Exercise materials:
***

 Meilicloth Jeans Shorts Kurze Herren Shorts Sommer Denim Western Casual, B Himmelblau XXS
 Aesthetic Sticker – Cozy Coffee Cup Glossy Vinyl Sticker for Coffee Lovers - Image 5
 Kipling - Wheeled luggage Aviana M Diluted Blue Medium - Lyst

***

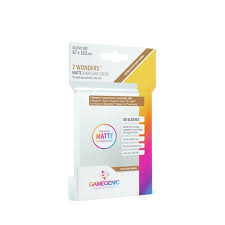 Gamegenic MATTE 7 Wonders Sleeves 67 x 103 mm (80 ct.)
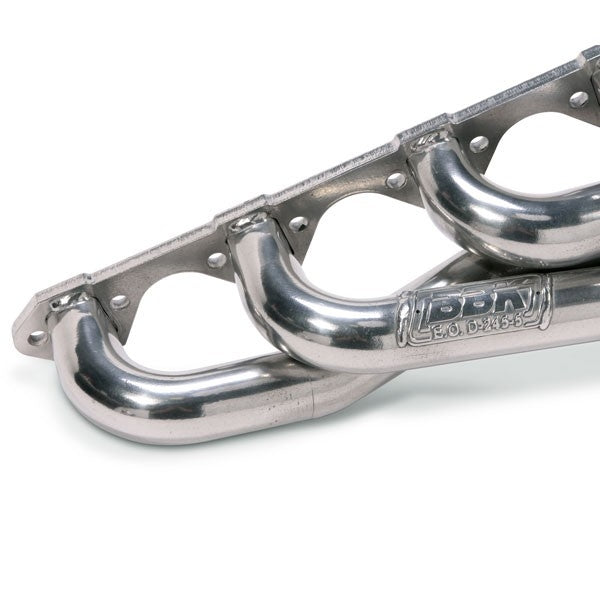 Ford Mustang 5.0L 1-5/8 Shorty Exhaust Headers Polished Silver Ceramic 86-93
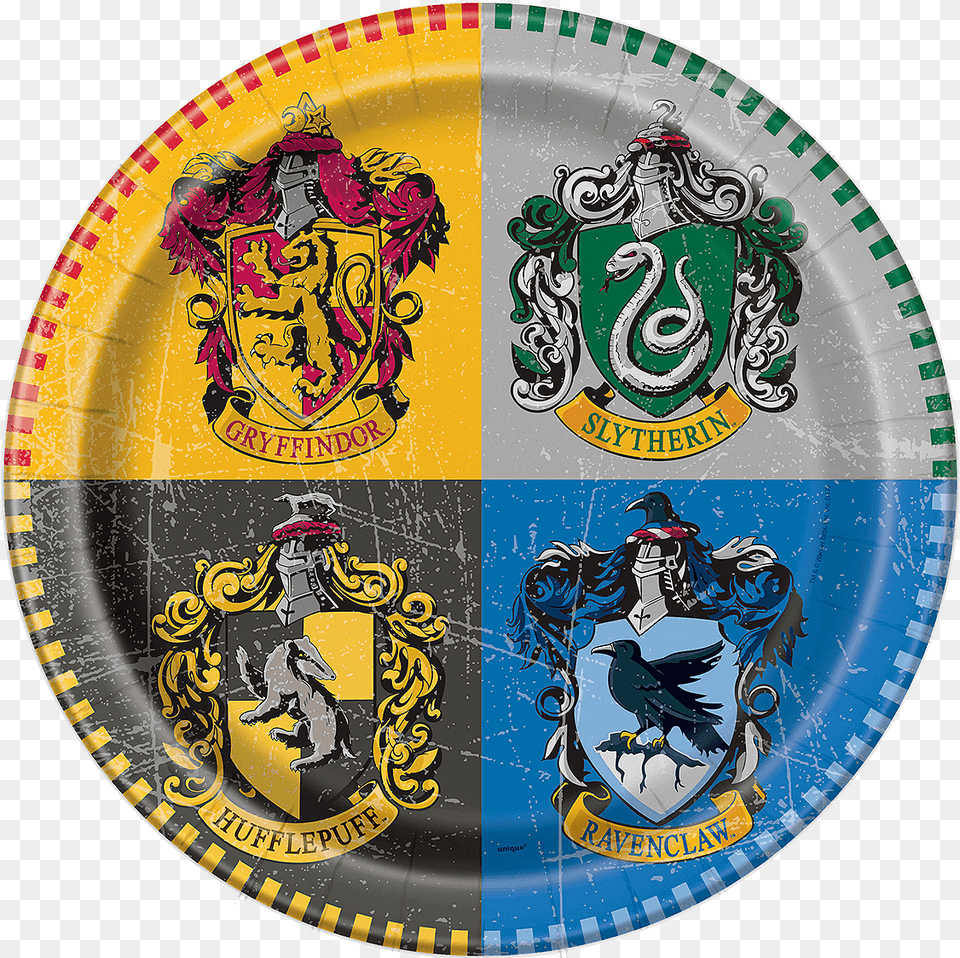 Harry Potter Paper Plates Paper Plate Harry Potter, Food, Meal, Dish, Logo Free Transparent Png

***

Using the data above, extract exactly the lines from the one that holds "Meilicloth Jeans Shorts" to the one that holds "Kipling - Wheeled", both ends included, and no others.

 Meilicloth Jeans Shorts Kurze Herren Shorts Sommer Denim Western Casual, B Himmelblau XXS
 Aesthetic Sticker – Cozy Coffee Cup Glossy Vinyl Sticker for Coffee Lovers - Image 5
 Kipling - Wheeled luggage Aviana M Diluted Blue Medium - Lyst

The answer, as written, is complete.